### import packages

In [8]:
import pandas as pd
from sklearn.preprocessing import LabelEncoder, StandardScaler, OneHotEncoder
from sklearn.compose import ColumnTransformer
from sklearn.pipeline import Pipeline
from tensorflow.keras.models import Sequential
from tensorflow.keras.layers import Dense, Dropout


### load the dataset

In [3]:

# List of column names based on the provided dataset documentation
column_names = [
    'duration', 'protocol_type', 'service', 'flag', 'src_bytes', 'dst_bytes', 'land',
    'wrong_fragment', 'urgent', 'hot', 'num_failed_logins', 'logged_in', 'num_compromised',
    'root_shell', 'su_attempted', 'num_root', 'num_file_creations', 'num_shells',
    'num_access_files', 'num_outbound_cmds', 'is_host_login', 'is_guest_login', 'count',
    'srv_count', 'serror_rate', 'srv_serror_rate', 'rerror_rate', 'srv_rerror_rate',
    'same_srv_rate', 'diff_srv_rate', 'srv_diff_host_rate', 'dst_host_count',
    'dst_host_srv_count', 'dst_host_same_srv_rate', 'dst_host_diff_srv_rate',
    'dst_host_same_src_port_rate', 'dst_host_srv_diff_host_rate', 'dst_host_serror_rate',
    'dst_host_srv_serror_rate', 'dst_host_rerror_rate', 'dst_host_srv_rerror_rate', 'label'
]

# Load the dataset
kdd_data_10_percent = pd.read_csv('kddcup.data_10_percent_corrected', header=None, names=column_names)

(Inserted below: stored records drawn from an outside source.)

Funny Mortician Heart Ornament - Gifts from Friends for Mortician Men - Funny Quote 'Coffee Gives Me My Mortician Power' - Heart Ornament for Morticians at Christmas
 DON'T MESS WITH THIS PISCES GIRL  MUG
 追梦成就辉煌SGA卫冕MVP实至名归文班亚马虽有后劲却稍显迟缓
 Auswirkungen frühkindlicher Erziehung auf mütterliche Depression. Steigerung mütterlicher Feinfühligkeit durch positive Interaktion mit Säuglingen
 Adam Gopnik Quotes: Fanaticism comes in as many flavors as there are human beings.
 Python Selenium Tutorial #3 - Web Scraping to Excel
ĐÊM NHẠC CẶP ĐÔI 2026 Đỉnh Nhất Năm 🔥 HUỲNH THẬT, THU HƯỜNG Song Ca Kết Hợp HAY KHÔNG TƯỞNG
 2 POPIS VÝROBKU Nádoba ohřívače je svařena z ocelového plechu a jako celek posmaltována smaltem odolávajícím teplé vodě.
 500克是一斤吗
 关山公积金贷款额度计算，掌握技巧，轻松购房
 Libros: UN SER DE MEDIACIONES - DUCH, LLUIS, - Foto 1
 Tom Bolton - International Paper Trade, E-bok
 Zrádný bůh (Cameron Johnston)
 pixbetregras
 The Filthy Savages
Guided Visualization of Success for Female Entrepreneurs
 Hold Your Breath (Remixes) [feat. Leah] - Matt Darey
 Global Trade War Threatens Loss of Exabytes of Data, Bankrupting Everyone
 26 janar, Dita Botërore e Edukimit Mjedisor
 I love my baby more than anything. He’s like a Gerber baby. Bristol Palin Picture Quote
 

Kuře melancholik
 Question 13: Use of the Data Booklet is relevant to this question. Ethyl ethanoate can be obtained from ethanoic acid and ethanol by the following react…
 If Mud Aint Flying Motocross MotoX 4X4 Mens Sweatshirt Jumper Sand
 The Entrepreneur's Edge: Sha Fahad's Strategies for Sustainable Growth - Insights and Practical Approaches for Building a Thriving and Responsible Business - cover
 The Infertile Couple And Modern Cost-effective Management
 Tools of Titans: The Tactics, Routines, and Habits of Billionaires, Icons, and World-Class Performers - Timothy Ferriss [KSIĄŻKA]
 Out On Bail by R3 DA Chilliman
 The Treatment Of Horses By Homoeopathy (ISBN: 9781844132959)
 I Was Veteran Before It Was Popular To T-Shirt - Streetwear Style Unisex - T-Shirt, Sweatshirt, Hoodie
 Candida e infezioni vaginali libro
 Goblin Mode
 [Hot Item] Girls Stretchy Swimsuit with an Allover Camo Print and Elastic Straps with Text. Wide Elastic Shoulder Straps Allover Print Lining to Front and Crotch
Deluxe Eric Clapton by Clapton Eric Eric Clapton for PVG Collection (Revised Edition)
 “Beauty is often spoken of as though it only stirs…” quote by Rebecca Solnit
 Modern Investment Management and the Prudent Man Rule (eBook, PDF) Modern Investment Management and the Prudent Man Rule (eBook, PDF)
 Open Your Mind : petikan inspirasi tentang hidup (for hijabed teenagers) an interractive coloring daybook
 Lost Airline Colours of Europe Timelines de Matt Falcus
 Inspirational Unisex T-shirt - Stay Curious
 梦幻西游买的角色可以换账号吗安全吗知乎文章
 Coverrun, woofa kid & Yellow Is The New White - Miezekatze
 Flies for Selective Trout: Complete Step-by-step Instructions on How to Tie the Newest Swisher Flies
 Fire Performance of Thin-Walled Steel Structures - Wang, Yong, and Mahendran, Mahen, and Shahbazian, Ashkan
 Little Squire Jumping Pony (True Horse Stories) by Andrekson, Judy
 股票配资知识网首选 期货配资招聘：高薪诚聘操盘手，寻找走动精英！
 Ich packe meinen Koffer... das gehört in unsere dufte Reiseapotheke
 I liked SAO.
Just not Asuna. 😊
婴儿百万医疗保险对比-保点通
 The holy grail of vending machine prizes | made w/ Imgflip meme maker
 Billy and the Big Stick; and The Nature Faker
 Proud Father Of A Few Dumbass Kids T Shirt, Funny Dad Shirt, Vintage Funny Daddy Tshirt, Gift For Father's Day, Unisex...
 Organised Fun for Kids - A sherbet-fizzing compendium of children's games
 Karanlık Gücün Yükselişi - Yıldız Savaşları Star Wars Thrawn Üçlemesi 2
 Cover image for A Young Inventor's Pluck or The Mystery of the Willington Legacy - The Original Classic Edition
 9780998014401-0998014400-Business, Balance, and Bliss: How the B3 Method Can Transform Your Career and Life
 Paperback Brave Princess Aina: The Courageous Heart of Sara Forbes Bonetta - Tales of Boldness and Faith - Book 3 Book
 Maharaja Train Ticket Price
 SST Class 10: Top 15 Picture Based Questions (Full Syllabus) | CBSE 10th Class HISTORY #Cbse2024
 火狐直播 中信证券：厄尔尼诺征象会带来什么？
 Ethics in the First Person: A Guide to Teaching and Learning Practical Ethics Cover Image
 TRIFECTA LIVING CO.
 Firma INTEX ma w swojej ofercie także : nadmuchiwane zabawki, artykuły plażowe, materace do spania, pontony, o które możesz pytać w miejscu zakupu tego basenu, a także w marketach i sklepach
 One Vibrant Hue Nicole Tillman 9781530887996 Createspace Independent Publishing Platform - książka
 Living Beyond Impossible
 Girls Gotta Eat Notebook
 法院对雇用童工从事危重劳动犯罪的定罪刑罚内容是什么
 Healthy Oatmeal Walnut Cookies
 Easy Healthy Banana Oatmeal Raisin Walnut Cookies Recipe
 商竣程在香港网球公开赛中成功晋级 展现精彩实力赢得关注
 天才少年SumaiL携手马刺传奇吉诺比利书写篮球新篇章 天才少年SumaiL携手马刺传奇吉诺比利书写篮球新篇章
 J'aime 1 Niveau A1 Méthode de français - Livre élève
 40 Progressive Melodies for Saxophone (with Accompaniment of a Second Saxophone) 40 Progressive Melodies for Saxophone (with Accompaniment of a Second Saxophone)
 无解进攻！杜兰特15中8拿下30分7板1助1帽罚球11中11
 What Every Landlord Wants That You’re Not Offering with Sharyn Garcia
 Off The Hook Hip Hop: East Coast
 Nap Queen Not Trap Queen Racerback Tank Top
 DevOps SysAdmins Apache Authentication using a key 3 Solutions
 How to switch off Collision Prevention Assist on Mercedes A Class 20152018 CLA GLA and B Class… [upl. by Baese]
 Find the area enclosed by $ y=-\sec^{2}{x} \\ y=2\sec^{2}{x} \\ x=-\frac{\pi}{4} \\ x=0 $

# Display the first few rows of the DataFrame to verify
kdd_data_10_percent.head()



### Separate features and label


In [9]:
X = kdd_data_10_percent.drop('label', axis=1)
y = kdd_data_10_percent['label']

### Convert String Labels to Numeric Values

In [10]:
# Convert string labels to numeric values
label_encoder = LabelEncoder()
y = label_encoder.fit_transform(y)

# Check the unique classes to ensure binary classification
print(f"Unique classes in the target variable: {label_encoder.classes_}")


Unique classes in the target variable: ['back.' 'buffer_overflow.' 'ftp_write.' 'guess_passwd.' 'imap.'
 'ipsweep.' 'land.' 'loadmodule.' 'multihop.' 'neptune.' 'nmap.' 'normal.'
 'perl.' 'phf.' 'pod.' 'portsweep.' 'rootkit.' 'satan.' 'smurf.' 'spy.'
 'teardrop.' 'warezclient.' 'warezmaster.']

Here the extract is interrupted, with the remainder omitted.